Jennifer Taubert, who heads the Janssen Pharmaceuticals unit, responded at the hearing, saying, “Everything that we have done with our products when we’ve promoted opioid products, which we stopped marketing a long time ago, was appropriate and responsible.”

Although J&J and Purdue are the primary targets—generally portrayed as villains in the legal documents and reportage—they are not the only companies involved. AmerisourceBergen has come under fire, as has McKesson and Cardinal Health. McKesson has already faced more than $160 million in federal fines, and Cardinal Health has been fined five times, totaling almost $100 million, since 2008.

Although the evidence to-date does suggest that the pharmaceutical companies understated the dangers of opioids and targeted so-called vulnerable populations, what often goes unspoken in these trials is the patients’ personal responsibility and the fact that much of the opioid epidemic is fueled not by prescription opioids, but by illegal fentanyl-heroin mixes sold on the street and largely imported into the country from Asia.

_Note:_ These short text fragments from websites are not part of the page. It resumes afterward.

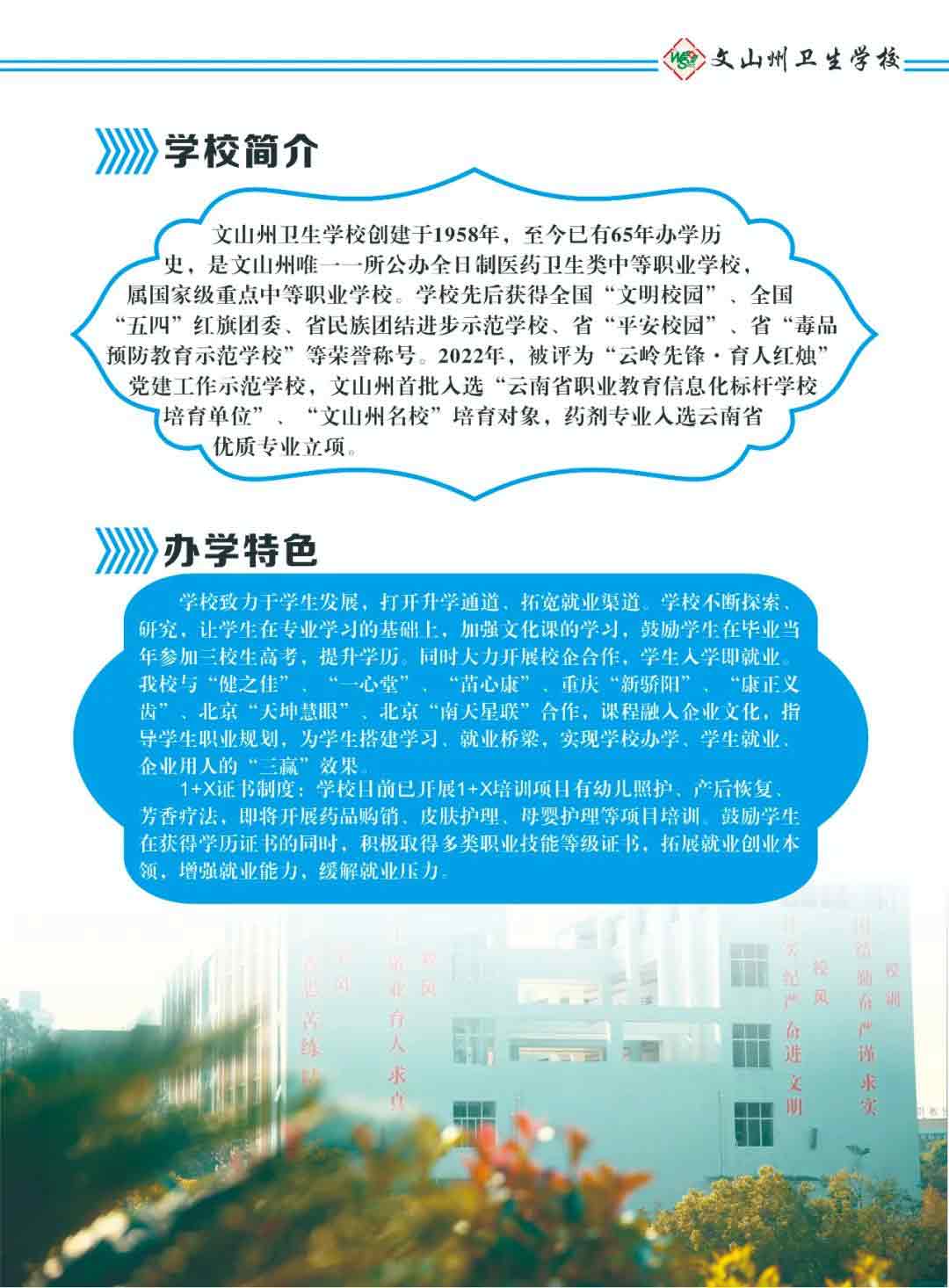 640-(2).jpg
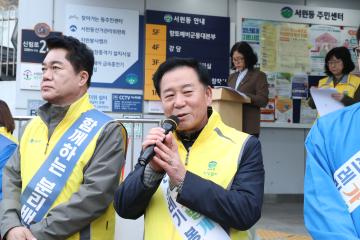 봄맞이 서원동 주민자율대청소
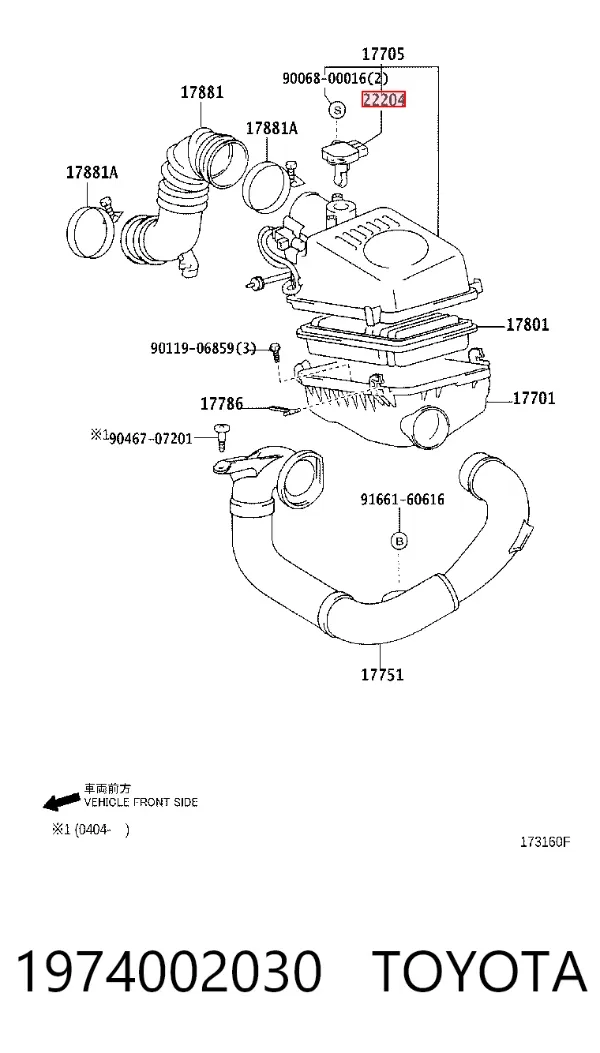 Czujnik przepływu powietrza, przepływomierz powietrza M.A.F. 1974002030 Toyota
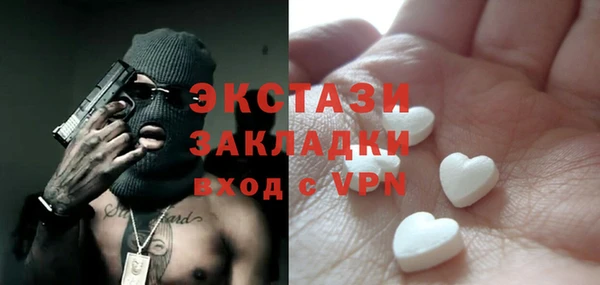 кокс Горняк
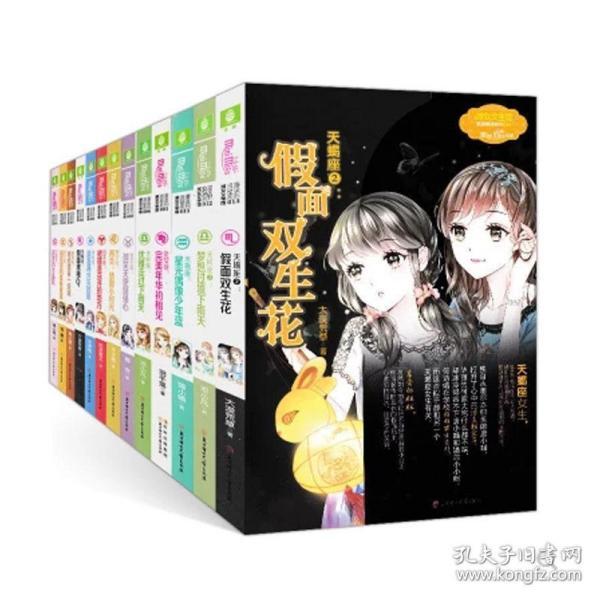 拯救自行车冠军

According to the National Institute on Drug Abuse, 21 to 29 percent of patients prescribed opioids for chronic pain misuse them. About 80 percent of people who use heroin first misused prescription opioids. But heroin use has more than doubled among people aged 18 to 25 years in the past decade. According to the Centers for Disease Control and Prevention (CDC), more than half of all overdose deaths in the U.S. are from heroin and fentanyl.

But it has also been noted that Oklahoma, compared to most states, had far more opioid overdose deaths from prescription painkillers rather than heroin or fentanyl.